§ Exercise
Each entry below is to be written out exactly, and the pictures are to be left out.

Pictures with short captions
┌────────

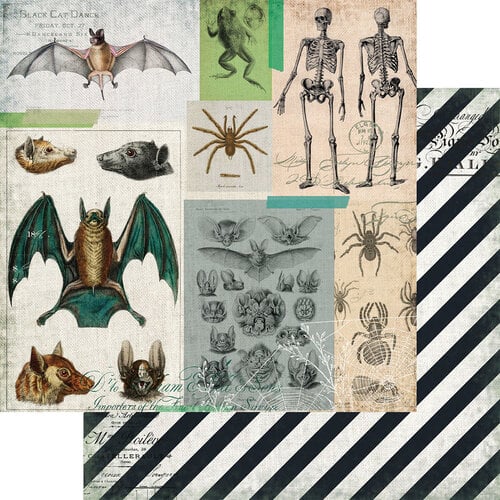 Fancy Pants Designs - Hallow's Eve Collection - 12 x 12 Double Sided Paper - Creepy And Crawly Fancy Pants Designs - Hallow's Eve Collection - 12 x 12 Double Sided Paper - Creepy And Crawly
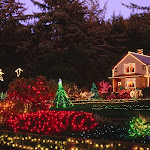 Holiday Lights, Shore Acres State Park, Oregon.jpg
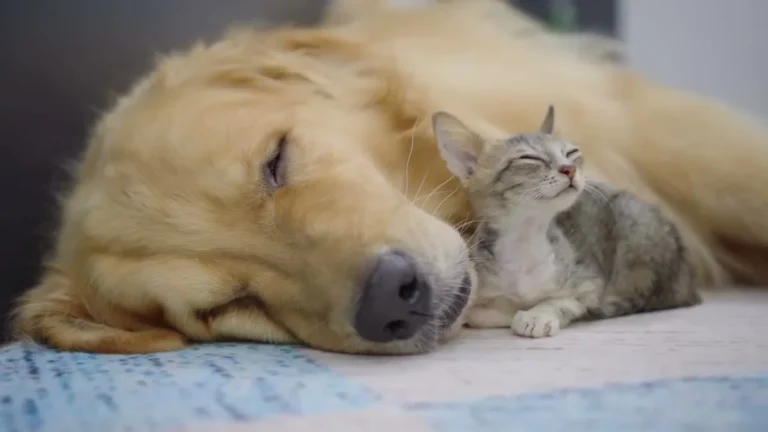 A Rescue Kitten Came Home With Stitches On Her Neck — A Golden Retriever Healed Her In Three Meetings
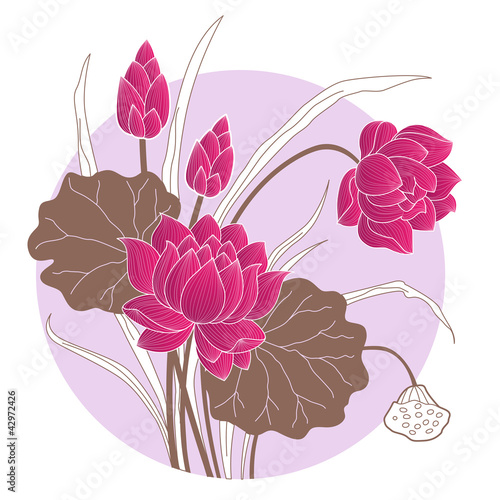 Vector: Decorative chinese lotus flower with circled background of water Decorative chinese lotus flower with circled background of water
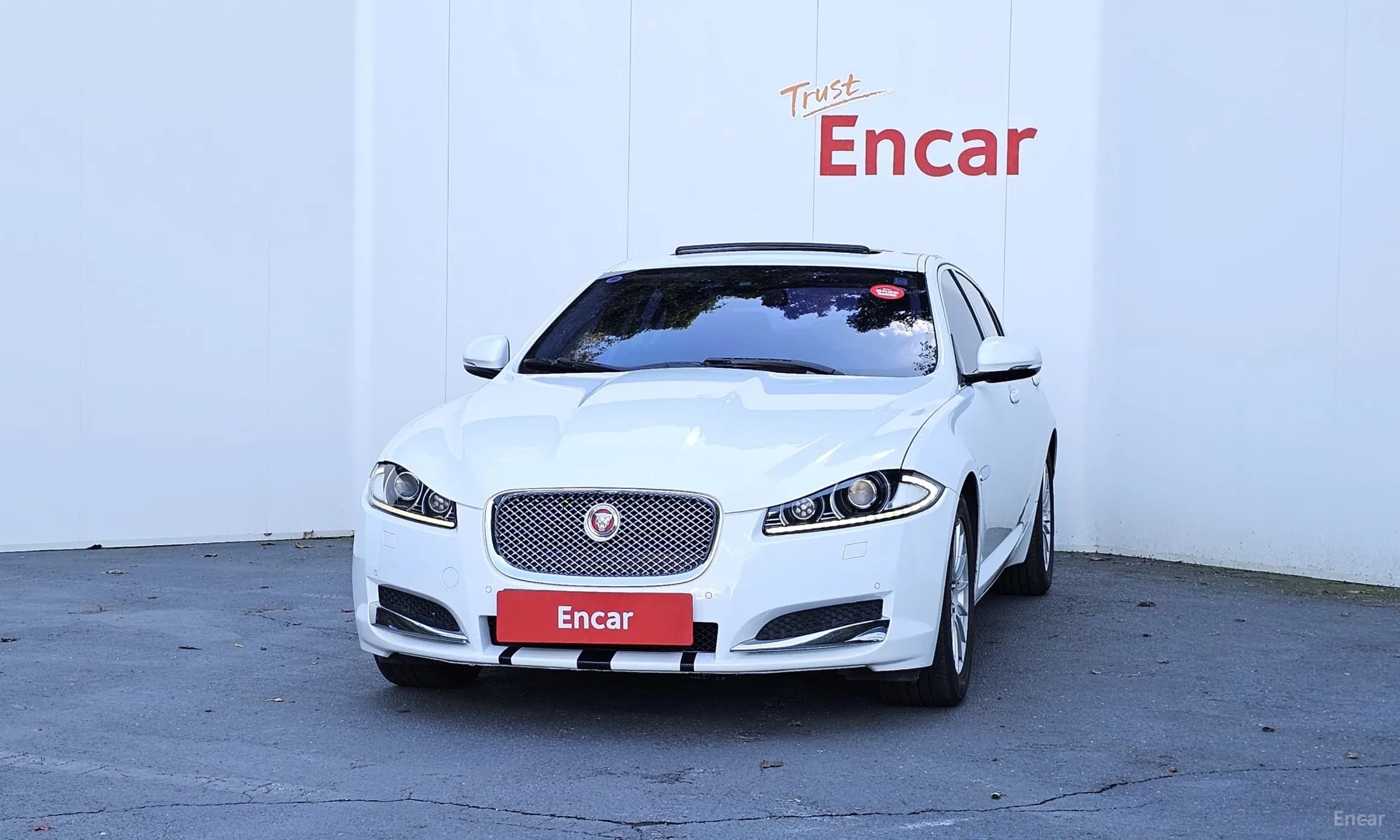 New XF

└────────

§ Result of this task
 Fancy Pants Designs - Hallow's Eve Collection - 12 x 12 Double Sided Paper - Creepy And Crawly Fancy Pants Designs - Hallow's Eve Collection - 12 x 12 Double Sided Paper - Creepy And Crawly
 Holiday Lights, Shore Acres State Park, Oregon.jpg
 A Rescue Kitten Came Home With Stitches On Her Neck — A Golden Retriever Healed Her In Three Meetings
 Vector: Decorative chinese lotus flower with circled background of water Decorative chinese lotus flower with circled background of water
 New XF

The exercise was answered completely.